Requirement: Reproduce every line below exactly as written; do not include the images.

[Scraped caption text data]
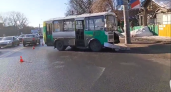 Водитель и три пассажира пострадали в ДТП с участием автобуса и столба в Нижнем Новгороде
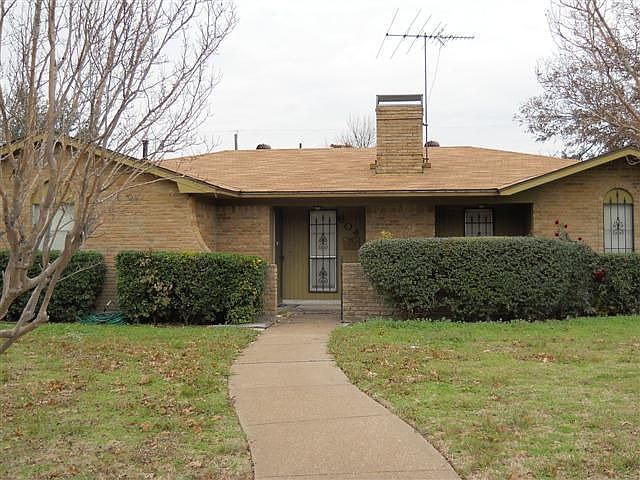 1st image of 604 E Kearney St
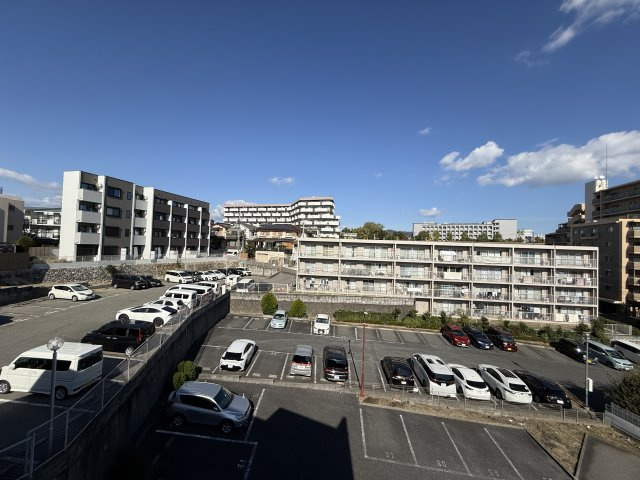 プルメリア阪大前の展望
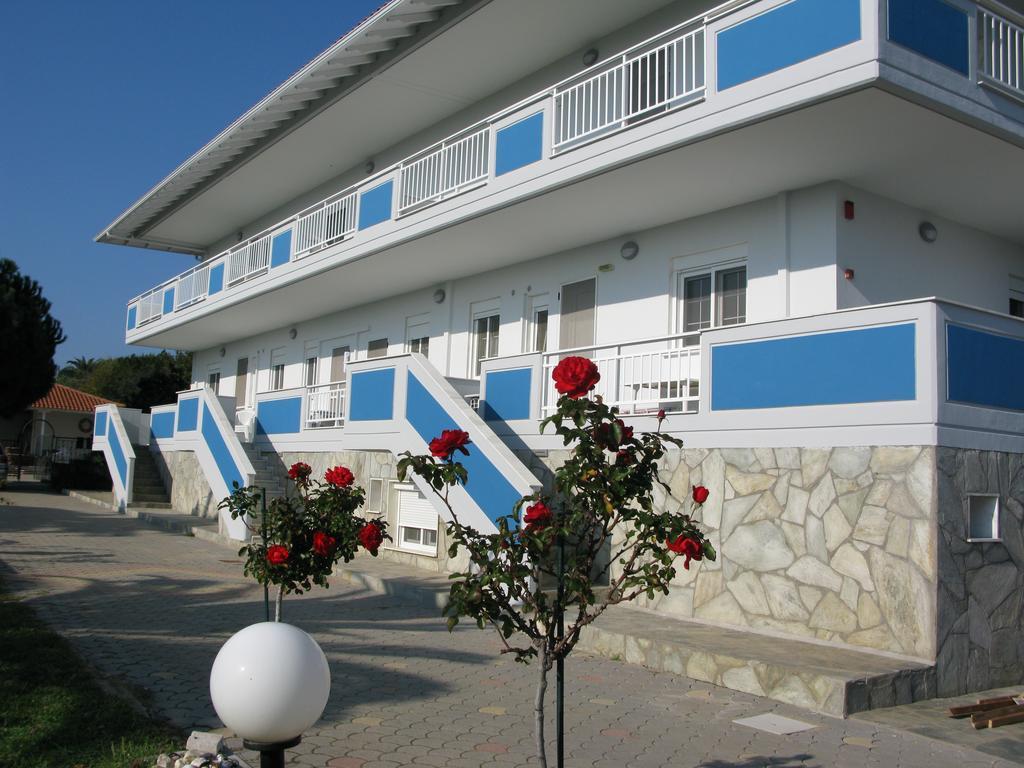 Seaview Aparthotel ネア・ポティダイア エクステリア 写真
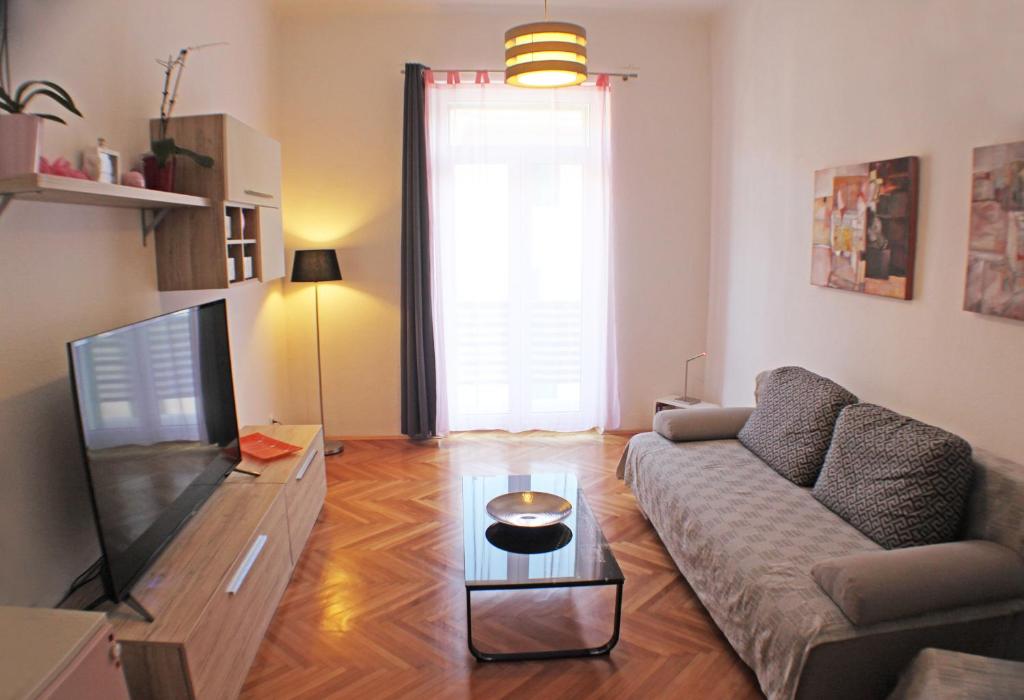 Televízia a/alebo spoločenská miestnosť v ubytovaní Orchidea Apartment Split in the Centre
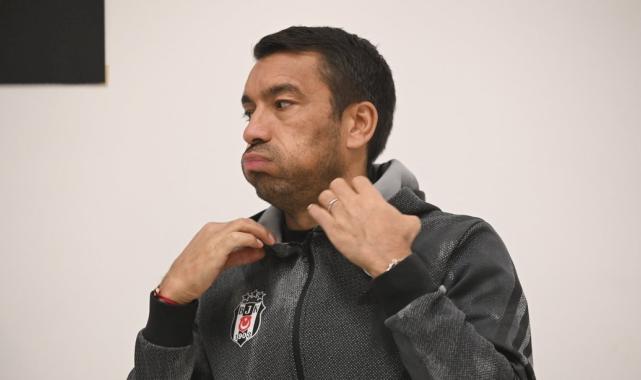 Beşiktaş Giovanni van Bronckhorst ile yollarını ayırdığını duyurdu!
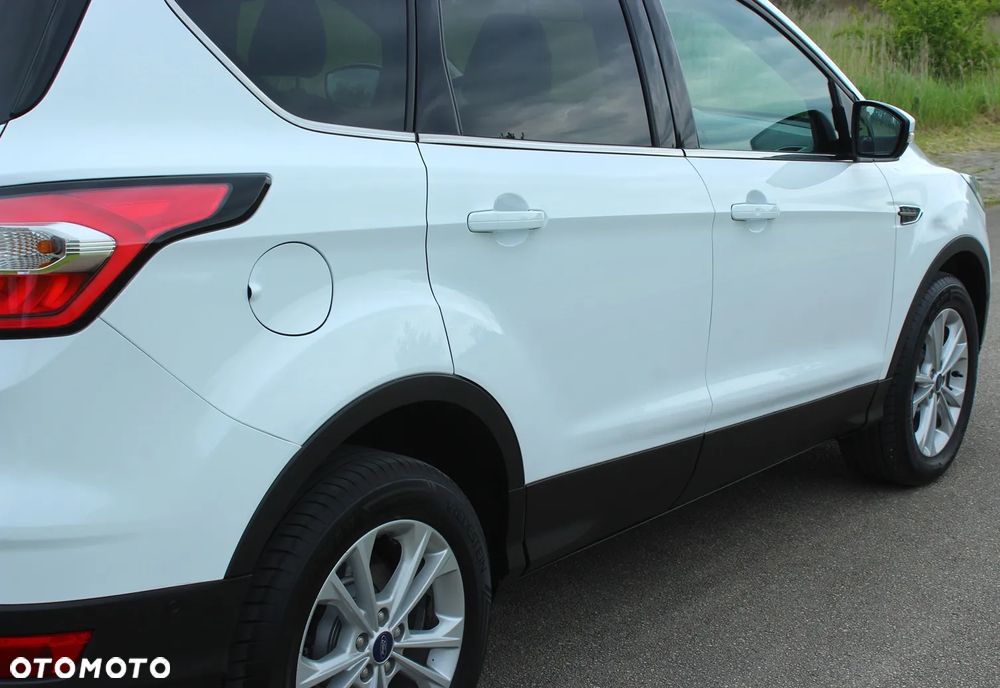 Ford Kuga 2.0 TDCi 4x2 Titanium - 19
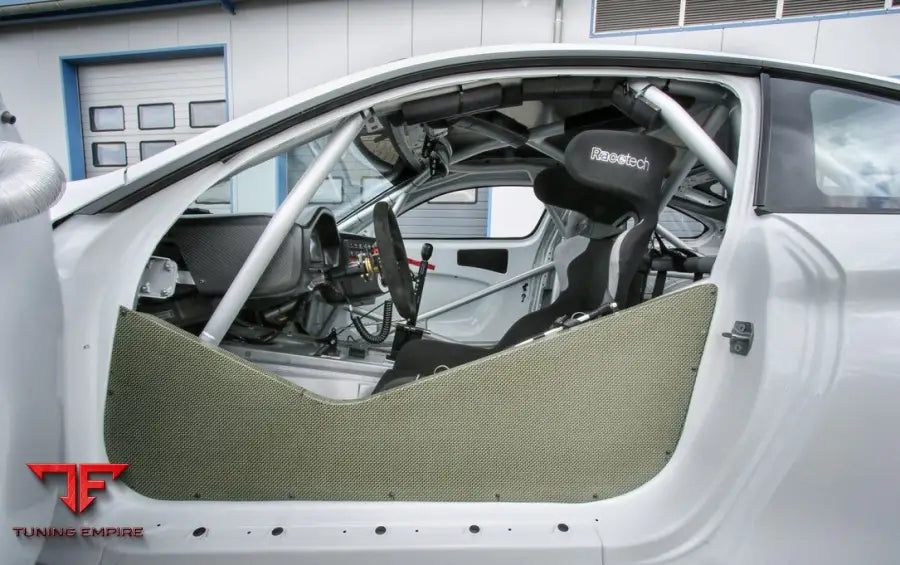 BMW M4 F82 RACING CARBON BODY KIT AND PARTS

Reply to the task:
 Водитель и три пассажира пострадали в ДТП с участием автобуса и столба в Нижнем Новгороде
 1st image of 604 E Kearney St
 プルメリア阪大前の展望
 Seaview Aparthotel ネア・ポティダイア エクステリア 写真
 Televízia a/alebo spoločenská miestnosť v ubytovaní Orchidea Apartment Split in the Centre
 Beşiktaş Giovanni van Bronckhorst ile yollarını ayırdığını duyurdu!
 Ford Kuga 2.0 TDCi 4x2 Titanium - 19
 BMW M4 F82 RACING CARBON BODY KIT AND PARTS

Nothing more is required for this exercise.